Sheppard shrugged. "Got fixed. Wonders of technology. Whatcha doing?"
Rodney nodded at the map of the city on his screen. "Sealing off the labs and command stations in case our guests get curious."
"What, you think they're spies?"
"Go ahead, laugh, but just because they look like cowering idiots, doesn't mean they're harmless. Do the words 'Gen' and 'ii' mean anything to you?" Rodney secured the most vital doors with a few lines of code before looking up a second time. He was surprised to find Sheppard's face so close. His eyes were closed, and he was breathing deeply, as if he were a yoga instructor, or Teyla. Rodney mentally cursed him for being so close and so beautiful and so unattainable. He had that down to a science now, and it only took half a second to accomplish.
Rodney cleared his throat. "Are you... Did you want something?"
Sheppard opened his eyes, and Rodney felt a warm hand land solidly on his forearm. Rodney gulped, possibly audibly. Seriously, Colonel.
"You're here," said Sheppard, squeezing his arm.
"Of course I'm here," snapped Rodney. "It's my room. I don't know why you're here." Get out before I lose my ability to move the laptop.
And that was when the impossibly good-looking, hotshot-flying military commander of Atlantis blinked his lashes, innocent as anything, and asked, his voice low near Rodney's ear, "Do you want to fuck me?"
All the turns the conversation could have taken, and John had chosen to spin the wheel and drive on the grass. Rodney's mind reeled with questions--what? and why? and since when? and seriously, what?--but he prided himself on his ability to regain mental composure in a crisis. "If you're screwing with me," he said, "the answer is no, of course not, scoff, and if you think for a second that's what I want you're ridiculously high on yourself and seriously deluded. But if you're serious," he continued, "then--yes." He nodded vigorously. "Uh-huh. Yes. That."

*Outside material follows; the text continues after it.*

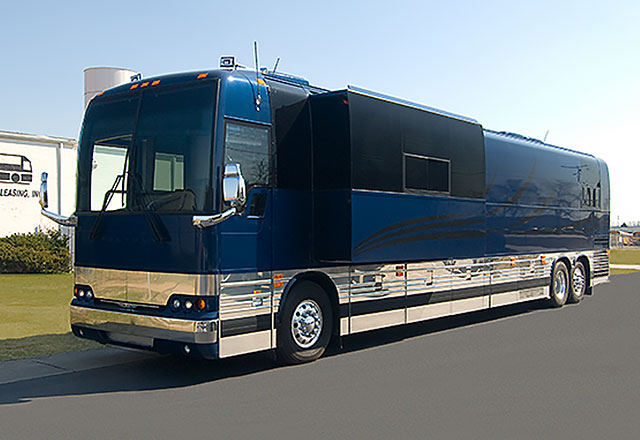 four season tour bus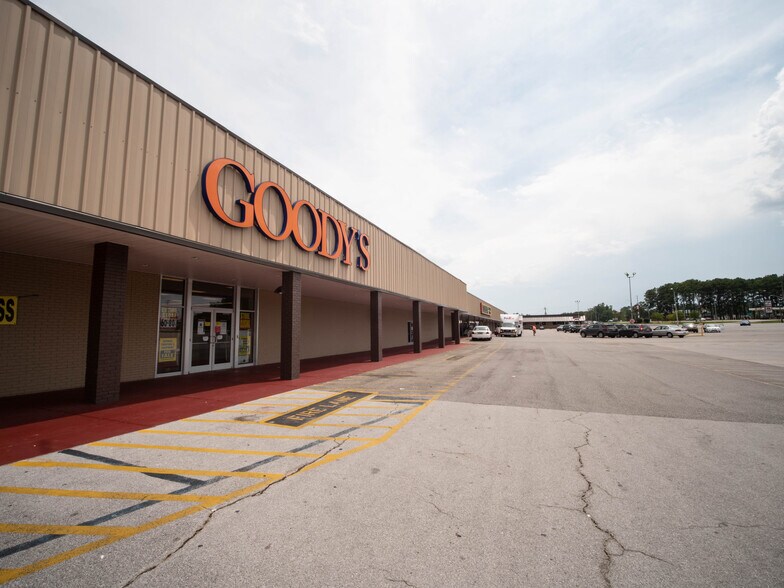 More Photos Of 750 Hwy 9, Centre Unknown For Lease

A slow smile spread over Sheppard's face, crinkling his eyes. He began to unbutton the black shirt he must have poured himself into that morning, and Rodney watched dumbly, mentally running through the possible scenarios:
1. He had died on M4X1L2, and John was his equivalent of seventy-two virgins. Which was odd, and maybe insulting, since there was only one of him and he was kind of an intergalactic space slut, but hey. Rodney could certainly live with it. As it were.
2. He was asleep and this was a dream.
3. He was asleep and this was a dream featuring Evil Nightmare Sheppard, which--considering the devilish look on his face--was not all that unlikely. But Evil Nightmare Sheppard, in their last encounter, had been, let's face it, delicious. Yes, the fact that he was back was a problem, but it was Waking Rodney's problem. Let him deal with it.

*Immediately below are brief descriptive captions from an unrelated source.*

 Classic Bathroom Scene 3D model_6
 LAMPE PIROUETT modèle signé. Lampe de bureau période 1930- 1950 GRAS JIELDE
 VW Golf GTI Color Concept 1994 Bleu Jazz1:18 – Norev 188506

4. This was not John at all but an evil clone. Considering the devilish look etc., and that this was Pegasus, and Atlantis, and Sheppard, this was also not unlikely.

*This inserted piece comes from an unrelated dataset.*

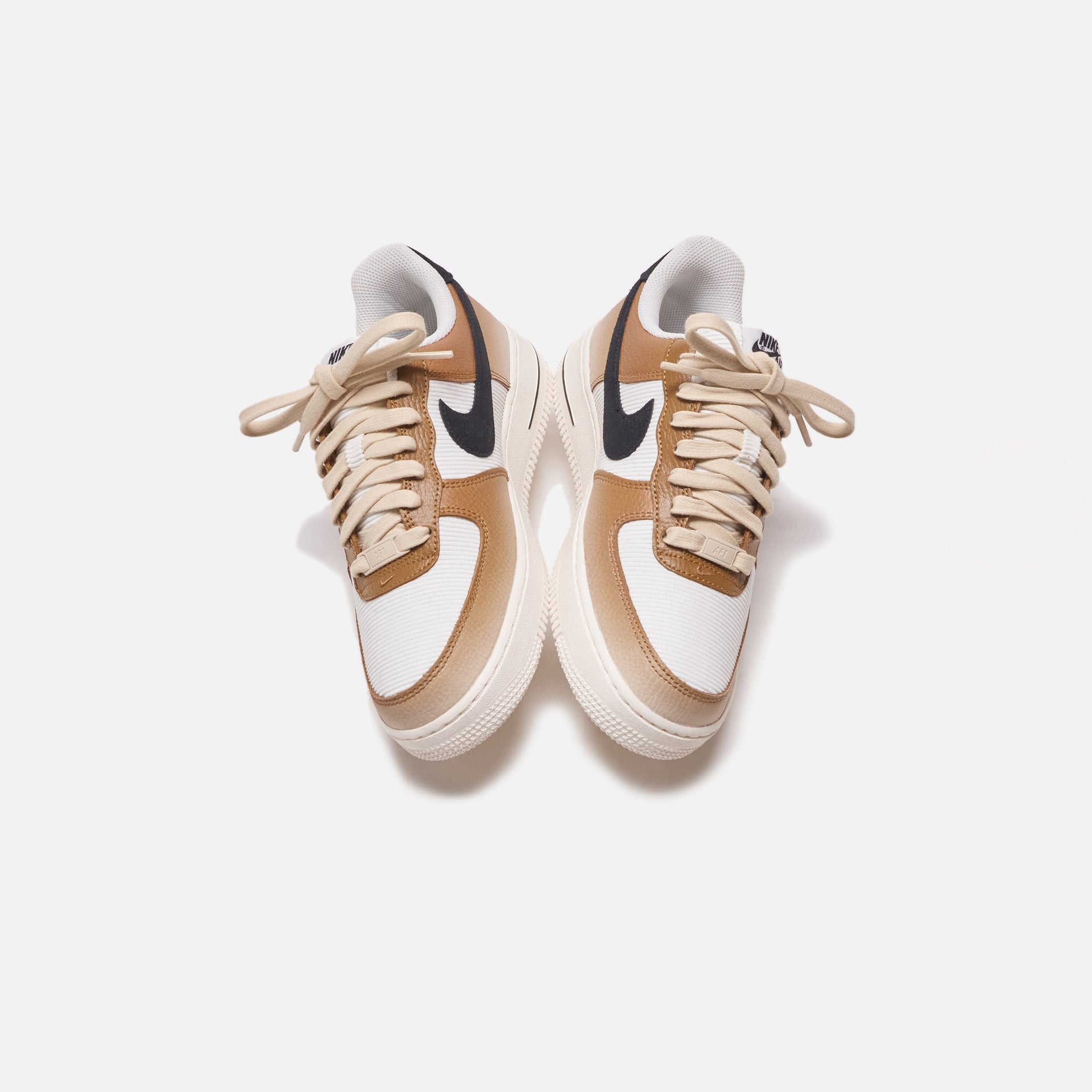 Nike WMNS Air Force 1 `07 - Ale Brown / Sail / Sand Drift / White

5. Sheppard had been possessed by
"Rodney?" God. John's body lean and hard, his awful posture more obvious than ever, but the probably-scoliotic slouch was cool and sexy and always had been. Rodney had seen him shirtless before, but never so close, and he was surprised at two long scars, one on his belly, one on his chest--faint, but noticeable. "Something wrong?"
"No," said Rodney, and because he could, he reached up and wrapped his hand around the dogtags which glinted against Sheppard's fine dark dusting of chest hair, and pulled him gently forward, and kissed his mouth.
*
Rodney was busy for most of the next day, so no surprises there. But it was strange how the many and varied crises and blunders he had to resolve single-handed seemed less dire, and less idiotic, when in the back of his mind (okay, the front) he was replaying a Penthouse letter starring Lt. Col. John Sheppard. And this time, it had actually happened.
Sheppard had been gone when Rodney woke up, but it hadn't been a dream. Rodney never woke up naked except after sex or being Cadman, and his sheets all smelled of John. It was still hard to believe. Rodney had resigned himself long ago to the universe's impossible cruelty in making someone that pretty, and that obsessed with his hair, straight, but now it seemed he owed the universe an apology.
Except for a morning meeting to which John slid in twenty minutes late--Rodney flashed him a knowing look, which must have turned out pretty dorky, because John just squinted at him, bemused--Rodney didn't see John until after dinner. He and Zelenka were in the hangar bay doing some work on the puddle jumpers, including the one that someone (not naming any names) had managed to crash. And not just crash as in emergency landing, no inertial dampeners, ow my face, which Rodney at least understood if not condoned, but crash as in Microsoft, Apple, blue screen of death.
Rodney was about to put into words just exactly how annoying it was when Zelenka fluttered his hands in Rodney's line of sight when he was trying to work ("Yes, I know you want my attention, and I certainly don't blame you, but my attention is very selective, and frankly, you've been waitlisted!") when John wandered in to have his daily commune with the jumpers--pet them or talk to them or make sweet, sweet love to them or whatever he did. Rodney didn't know how he could even bear to face them after it had all gone wrong the way it had, but there it was. Guy was a glutton for punishment, apparently.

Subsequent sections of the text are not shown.